CLEVELAND, Ohio — Clergy, delegates, and community members gathered at the Renaissance Hotel in downtown Cleveland, OH, on Friday evening, April 29, to honor two individuals for their support of the Armenian Church and contributions to the greater Armenian community. The Grand Banquet of the 114th Diocesan Assembly was hosted by the St. Gregory of Narek Armenian Church of Richmond Heights.
The award for the “Friend of the Armenians” was bestowed on Dr. Taner Akçam, professor of history and the Kaloosdian/Mugar Chair in Armenian Genocide Studies at Clark University, in Worcester.
A native of Turkey, Akçam was arrested in 1976 while serving as editor-in-chief of a student political journal. He was sentenced to 10 years in prison, and adopted by Amnesty International as a prisoner of conscience. A year later, he escaped to Germany, where he received political asylum and began his graduate work.

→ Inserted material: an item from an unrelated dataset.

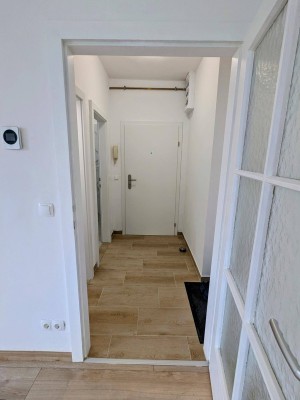 Erstbezug nach umfangreicher Sanierung: Hochwertige 2-Zimmer-Wohnung im Mezzanin in 2232 Deutsch-Wagram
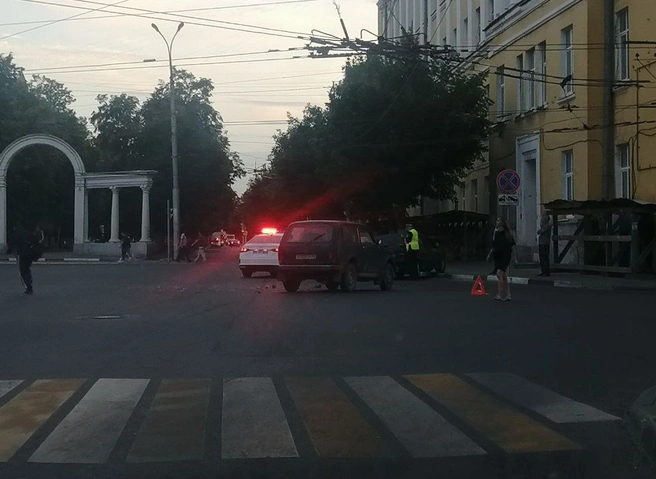 На Театральной площади случилась авария с участием «Нивы» | ya62.ru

He received a Ph.D. from the University of Hannover with a dissertation titled, “Turkish Nationalism and the Armenian Genocide: On the Background of the Military Tribunals in Istanbul between 1919 and 1922.”
Akçam has written a number of books on the Armenian Genocide, including his landmark work of historical investigation, A Shameful Act: The Armenian Genocide and the Question of Turkish Responsibility.
His book, The Young Turks’ Crime Against Humanity, received the Hourani Book Prize of the Middle East Studies Association, and was listed by Foreign Affairs magazine among the “Best International Relations Books of 2012.”